◆ WORK ORDER
Nothing but the lines from the one containing "masunaga Zengyong glasses" to the end of the data should be copied, exactly, and the pictures stay out.

◆ DATA EXTRACT
———

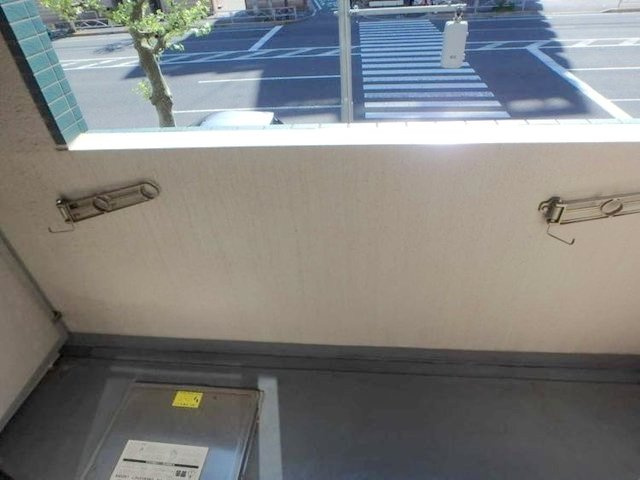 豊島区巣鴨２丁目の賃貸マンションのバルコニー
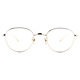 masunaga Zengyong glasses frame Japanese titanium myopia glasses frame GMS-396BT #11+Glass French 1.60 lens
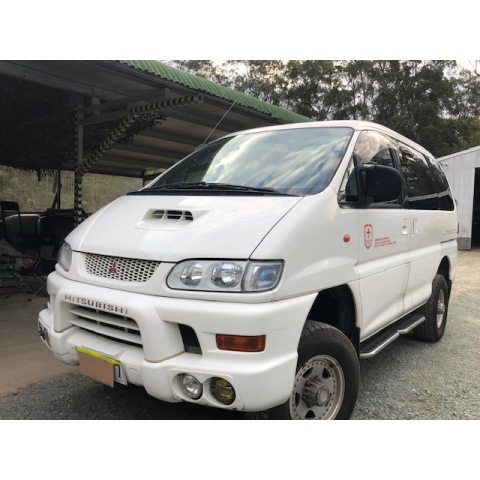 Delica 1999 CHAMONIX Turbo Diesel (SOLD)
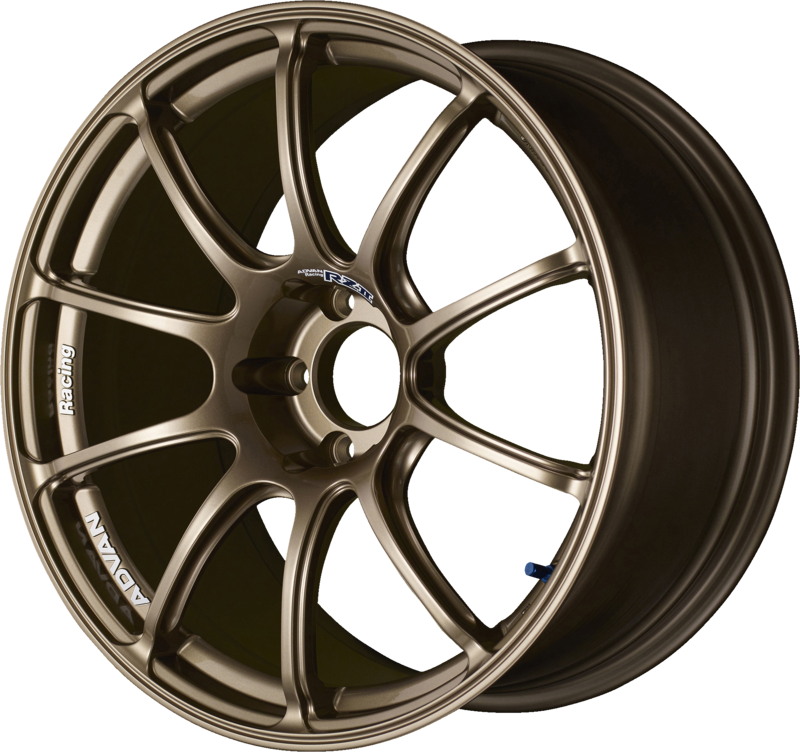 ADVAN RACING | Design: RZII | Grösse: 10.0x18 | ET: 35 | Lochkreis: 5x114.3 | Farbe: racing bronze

———

◆ RESULT OF THE EXERCISE
 masunaga Zengyong glasses frame Japanese titanium myopia glasses frame GMS-396BT #11+Glass French 1.60 lens
 Delica 1999 CHAMONIX Turbo Diesel (SOLD)
 ADVAN RACING | Design: RZII | Grösse: 10.0x18 | ET: 35 | Lochkreis: 5x114.3 | Farbe: racing bronze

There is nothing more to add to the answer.